Cornelia Carey, Executive Director of the Craft Emergency Relief Fund: "I also witnessed progress during a visit to the Ohr-O'Keefe Museum in Biloxi, Mississippi where I helped distribute 30,000 pounds of clay donated to potters by Highwater Clays in Asheville, North Carolina. All of the conversations there were about getting back to work, whether this act meant finding studio space or firing up a new kiln. These trips confirm for me that the creative community in the Gulf is making progress and our assistance is as important now as it was back in September." If a donation is within your means, please consider it. These people do good work.

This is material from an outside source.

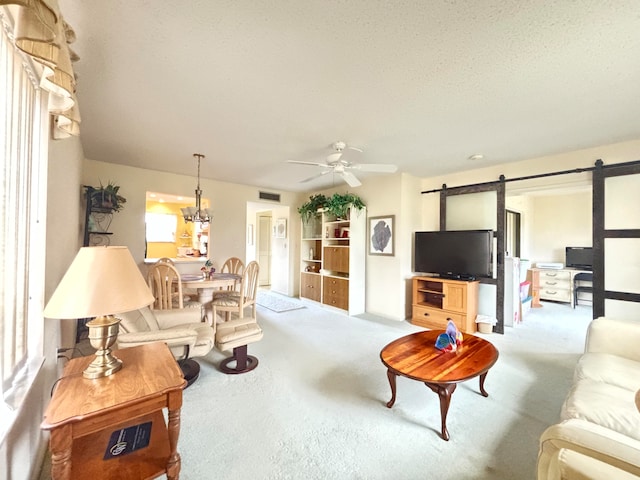 carpeted living room with a textured ceiling, ceiling fan with notable chandelier, and a barn door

Animator vs. Animation. (Drawn) Also via Drawn, this looks like a good cause.

Rather wonderful interventionist public art. (Digg)

Hypothetical Drawings About Real People. Another Processing work. Hm. (Digg)

This rather harsh essay on creativity is worth having a look at, whether you agree with the larger points or not. All symmetrical repetition conforms to 17 patterns? Can someone help me understand that? (Reddit)

A rock carving discovered in Arizona might depict an ancient star explosion seen by Native Americans a thousand years ago.

I just received the press blurbs for a show opening next week at the Miami Art Museum, entitled "Big Juicy Paintings (and more)." In a little over a year, MAM will have had shows that covered the two central concerns of my work, figuration and the use of high volumes of paint. My work was considered for last year's figurative art show, but not included. Whether anyone considered it for the BJP(AM), I may never know. A month ago, after twelve years of working as an artist in Miami, I moved to Boston. I love it here, though it has been hard at times. Moving is, inherently. But I've received many little encouraging messages that leaving Miami was the right thing. This is one of them.

"Raw Hot New Fresh Awesome Young Emerging Talent." Best. Gallery. Exhibition. Title. Evah. Dorsch. Opens tomorrow. One week only. Jordan curates.

EepyBird reproduces the Bellagio fountains using 200 liters of Diet Coke, supercharged with Mentos. Brilliant. (Reddit)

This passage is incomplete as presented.